The sound of hichiriki, the cool haze of rain, the ground underneath my feet. I was here. But "here" never seemed to stay the same. With merely a mention of just the right thing, my mind was off again. Take, for example, this year. I read The Truce at Bakura again after returning from Christmas break. As I finished the last chapter, I read over a brief scene with Commander Thanas and thought, "Hmm, he's a rather interesting character. It's nice to see an Imperial Officer with likable characteristics, even if he did kill my favorite character in the book (gah!)." This thought led to a vague memory of some of the Imperial Officers in the original trilogy. I tried to recall their names... Who was that one that got promoted...Vader mentioned him by name. This led to a Wookieepedia search of various officers from the film, which led to discovering some deleted scenes from ROTJ, which led to me needing to buy the movies, which led to reading up on all the officer's histories and stories, which led me to want to buy a hat like theirs, and so on.

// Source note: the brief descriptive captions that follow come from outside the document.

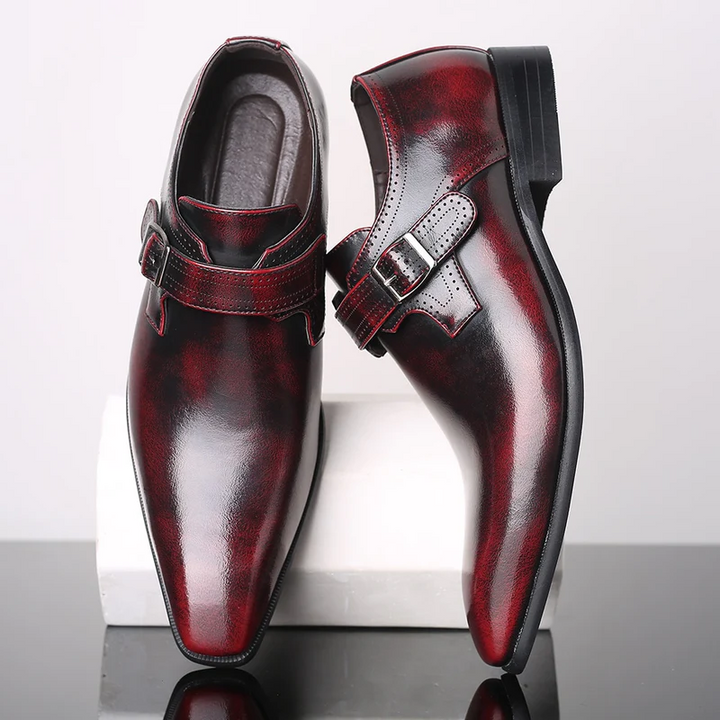 Valnøttbrun klassisk herre oxford sko i førsteklasses skinn. Elegant, komfortabel business sko for menn.
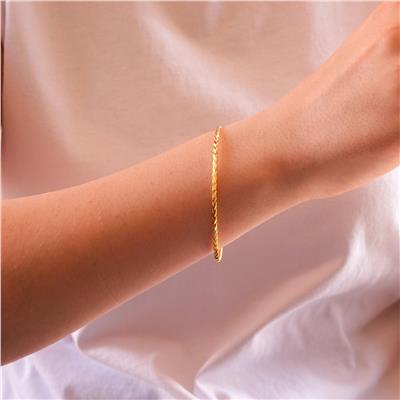 Altın Kaplama Başak Model  İmitasyon Ajda Bilezik 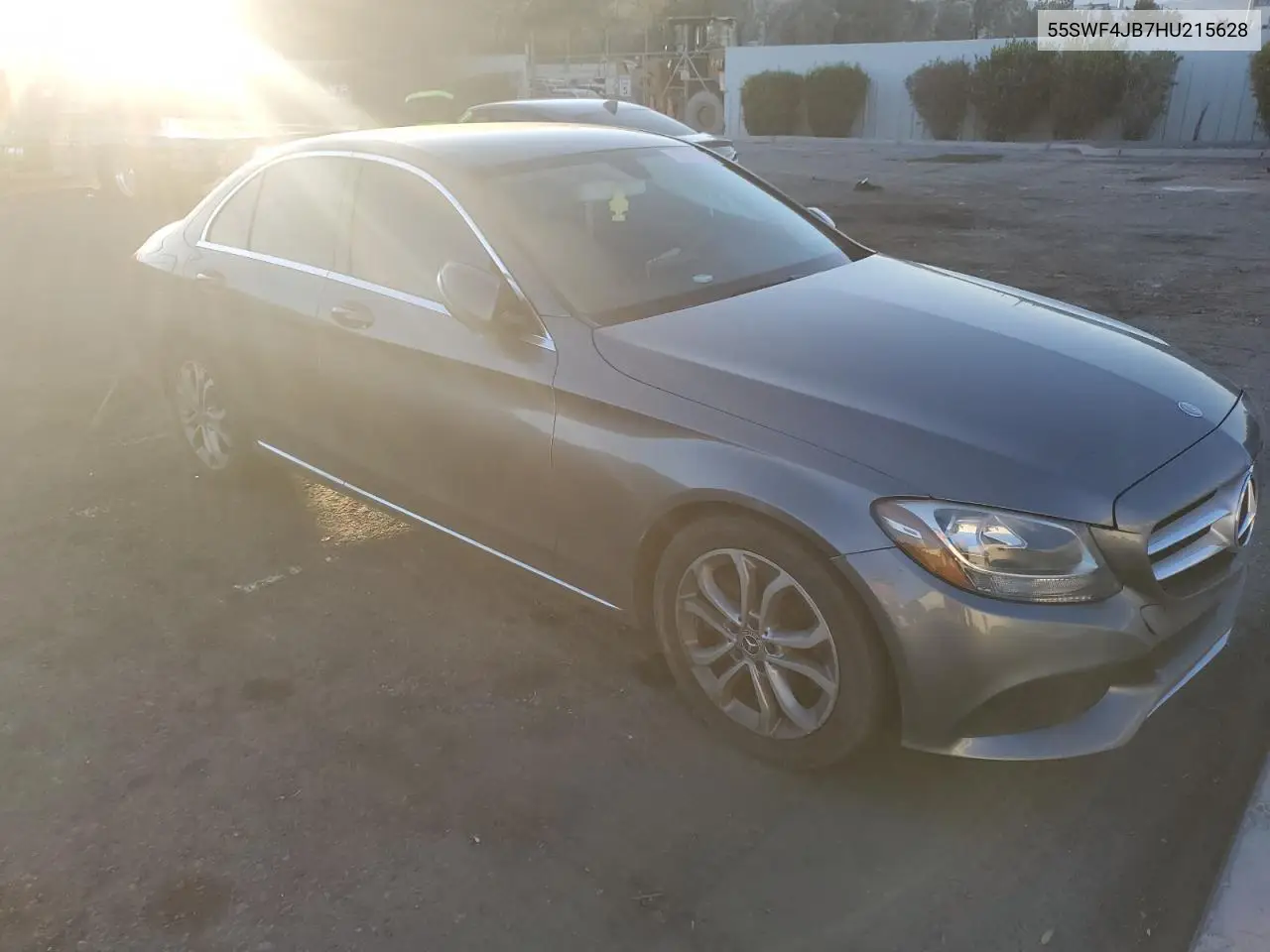 2017 Mercedes-Benz C 300 VIN: 55SWF4JB7HU215628 Lot: 63165295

For me, an interest immediately becomes a single-minded quest for all relevant information and stuff. I'm wired with this kind of detail-oriented hyper-focus and obsessive-compulsive tendencies. How do I know if an interest has become an idol? There is only room for one God in my one heart, so how to I make sense of these soul-encompassing interests? I've been thinking about that lately. There have been times in the past where those thoughts have come to mind, but I've been reluctant to consider my life without them. I felt myself unwilling to release my tight grip on them. I don't feel that way right now. I'm trying to remember to hold all things in an open hand. But I've still been spending a lot of time with my interests recently.
What am I looking for?
I day dream scenes where I can rest, where the very center of me resonates with the energy of a star or a black hole, where I don't need to worry about hurting others, where others reflect a special kind of understanding and kindness toward me (though often from a safe distance), where I can put my skills to use in fun and curious ways, where I'm under the watchful eye of some compassionate superior, where I can just be and be appreciated. I am looking for home. I am looking for the eternal house of my Father. I am looking for Him. I know that I'll be home someday, but why is it that my quest now takes on the form of seemingly random interests? I get caught up so quickly that I find myself dazed and confused. It becomes even more confusing when these interests pursue Biblical topics and histories. I think to myself, "This is the Bible - it's great that I'm so into this! Yes, but what good do timelines and memorized verses do for those around me? Uh, well, surely God can use them for good. Yes, but are you loving those facts more than the people? Has the healing bronze serpent on a pole become a destructive idolatrous nehushtan? But these are where I can actually apply my skills... I've tried other activities and service. What am I supposed to do?" And so I remain rather confused.
If I can become charged with so much energetic loyalty toward dead historical figures and imaginary characters, how can I shift that to love my neighbors as myself? And how can I live my life in the antechamber, preparing for eternity where I will meet my Maker, the One who gave His life to rescue me?